__DATASET CONTENT__:

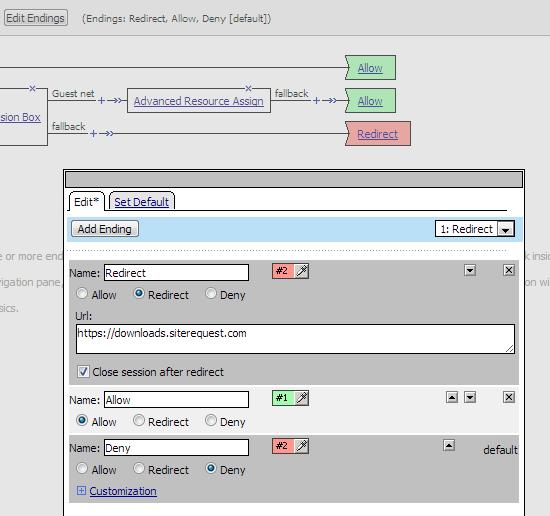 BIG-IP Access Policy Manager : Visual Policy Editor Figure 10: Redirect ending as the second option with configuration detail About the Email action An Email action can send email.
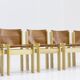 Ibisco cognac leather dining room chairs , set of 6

==

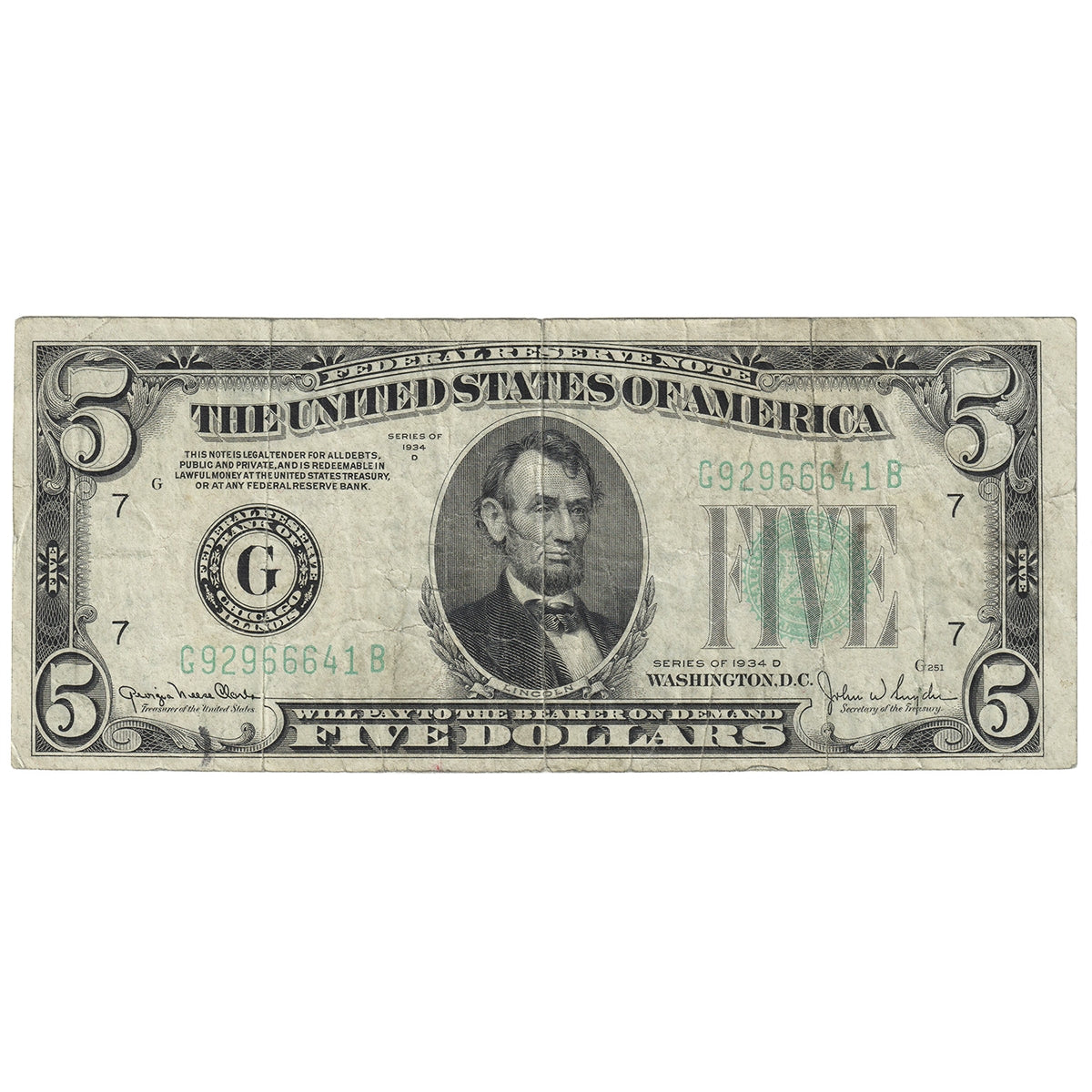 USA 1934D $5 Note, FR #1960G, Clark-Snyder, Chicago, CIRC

__WORK TO COMPLETE__: Each line above that falls between the line with "BIG-IP Access Policy" and the line with "Ibisco cognac leather" should be printed exactly, together with those two lines, but the pictures should not.

__ANSWER FOR THIS EXERCISE__:
 BIG-IP Access Policy Manager : Visual Policy Editor Figure 10: Redirect ending as the second option with configuration detail About the Email action An Email action can send email.
 Ibisco cognac leather dining room chairs , set of 6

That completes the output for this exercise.